Diginexのセールスマネジャー、ジャスティン・ダヌタン氏は「興味深いことに、ビットコイン以外の仮想通貨は底堅く推移している。ツイートでは、マイニングで使われる化石燃料が理由に挙げられたが、他の大半の仮想通貨はすでに効率の良い手段を編み出しており、このため、アウトパフォームしている」と述べた。

仮想通貨市場全体の時価総額にビットコインが占める比率を示す指数は42と、2018年6月以来の低水準。同指数が100の場合、保有されているすべての仮想通貨がビットコインであることを意味する。

<ビットコインをショート、イーサをロングに>

ビットコインは4月中旬に最高値の6万4895.22ドルまで上昇したが、その後は伸び悩んでいる。5月初めには5万8000ドル付近で推移していた。

一方、イーサは12日に最高値を更新。
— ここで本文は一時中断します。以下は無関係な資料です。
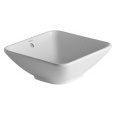 Рукомойник Duravit Bacino 0333420000, белый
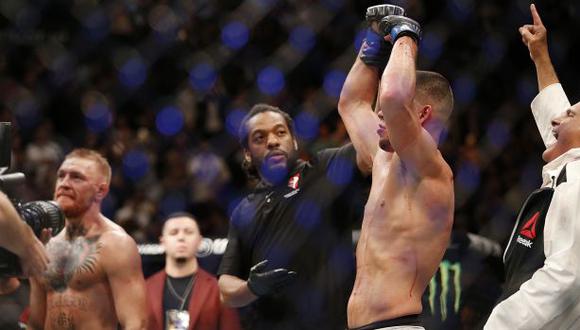 UFC: las claves de la victoria de Nate Díaz ante Conor McGregor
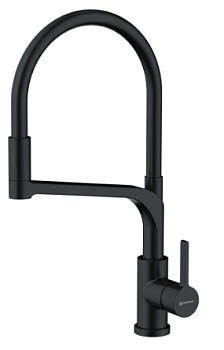 Фото товара: Omoikiri Sinto 2 Plus GB-BL, смеситель, графит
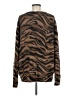 Zadig & Voltaire Animal Print Brown Pullover Sweater Size Med (2) - photo 2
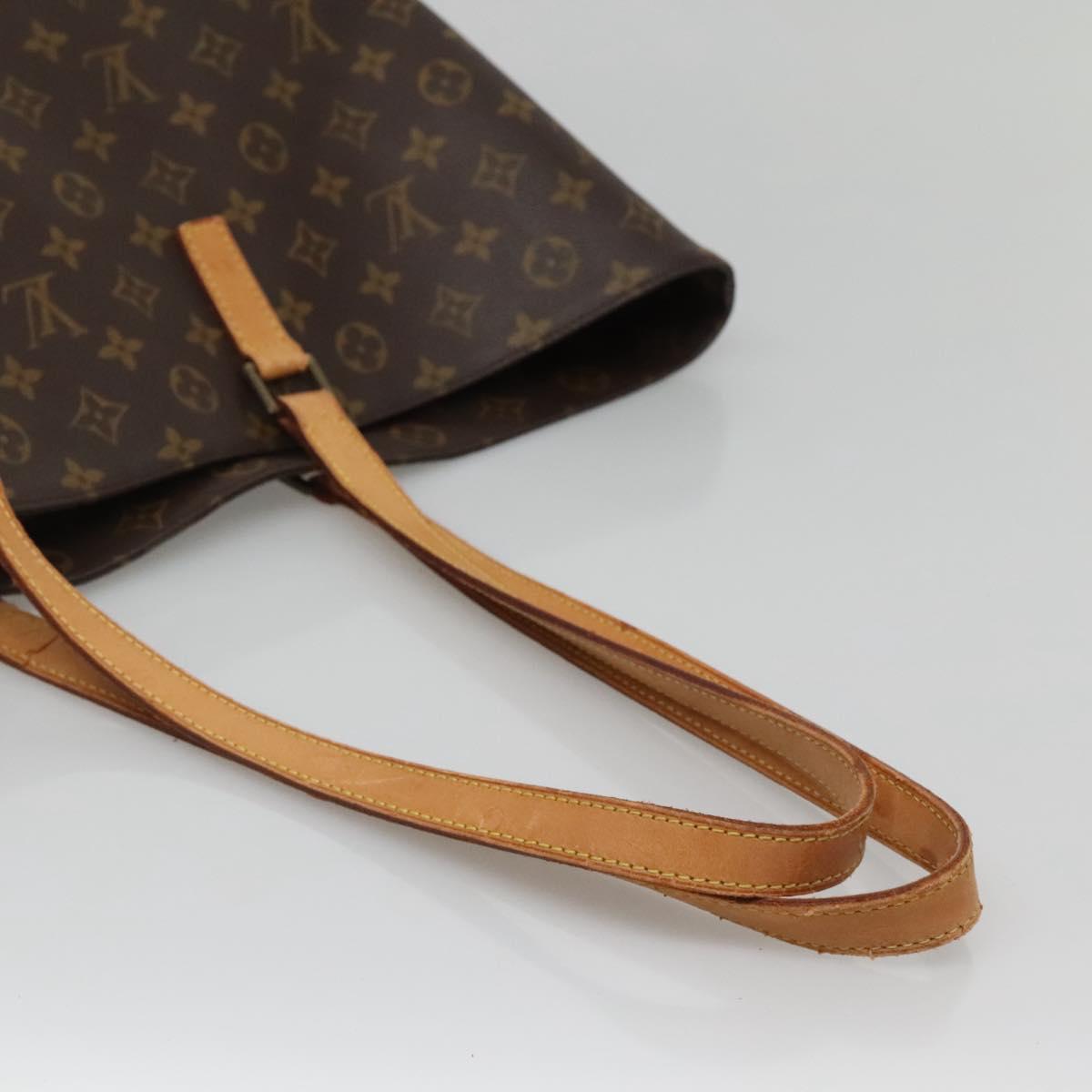 Louis Vuitton Alto, Black, Canvas, tote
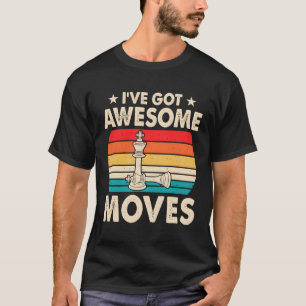 Schach für Schachspieler T-Shirt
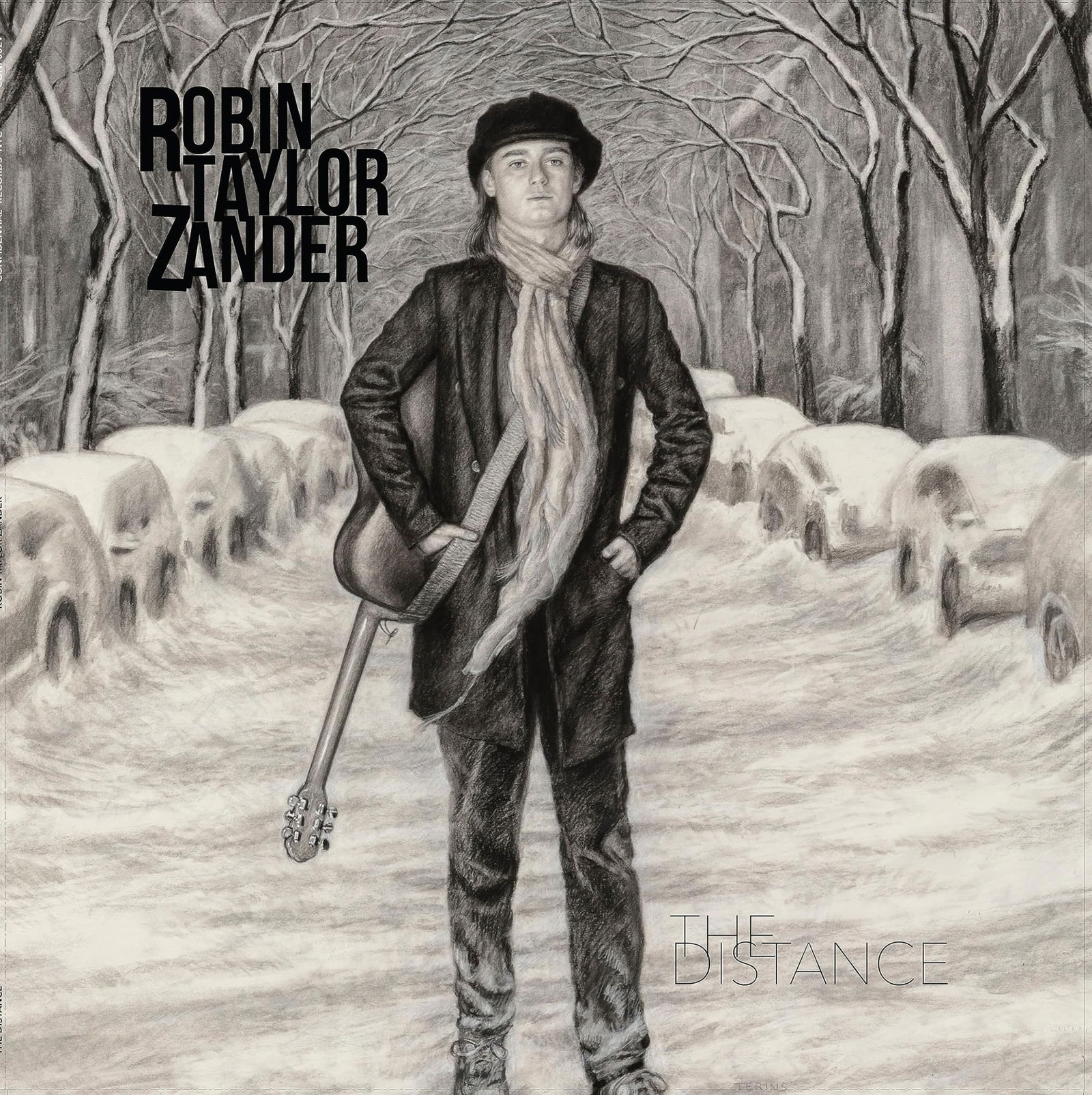 Vinyl Robin Taylor Zander - DISTANCE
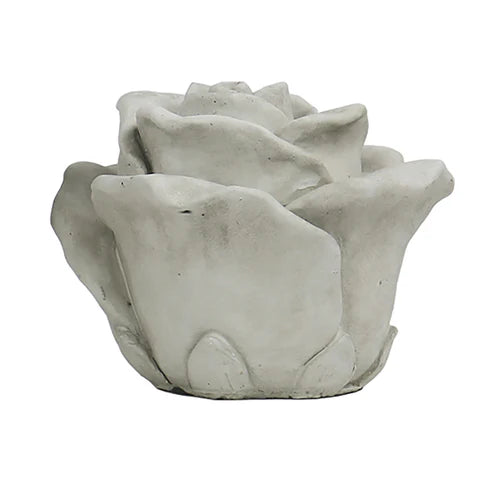 Cast Concrete Rose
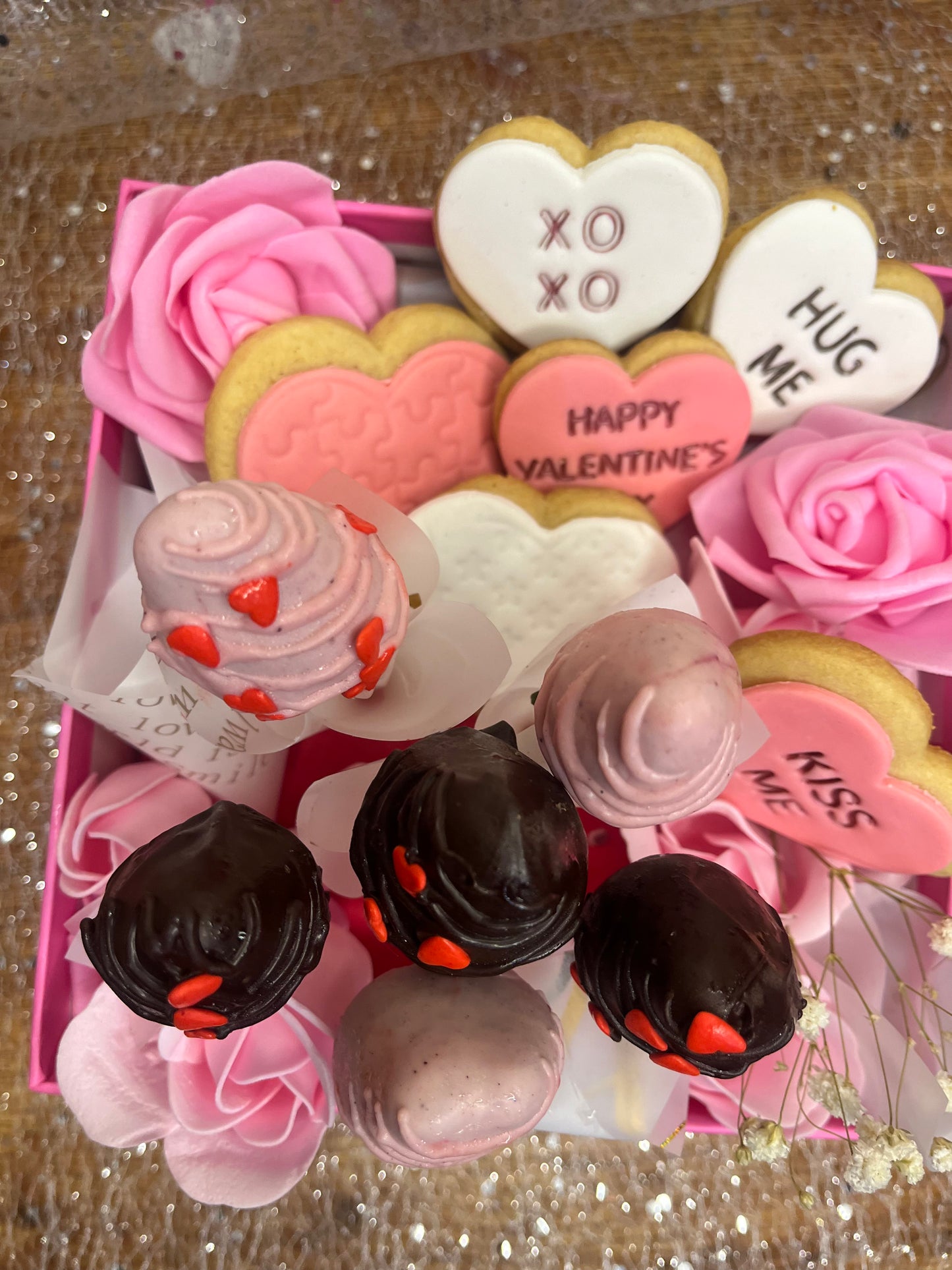 Sweet Love Valentine’s Treat Box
その後下落したものの、年初来上昇率は435%と、ビットコインの75%を大幅に上回っている。

デジタルアートなどの所有権を証明するNFT(非代替性トークン)など、イーサリアム・ネットワークの利用が増えていることが一因だ。

ペッパーストーン(メルボルン)の調査責任者、クリス・ウェストン氏は「われわれが、ここしばらく進めているのは、ビットコインをショート、イーサをロングする取引だ。素晴らしい成果が出ている」と発言。

「誰もが疑問に思っているのは、イーサの時価総額が、どの段階でビットコインを上回るかだ。個人的にはそうした日は来ると思う」と述べた。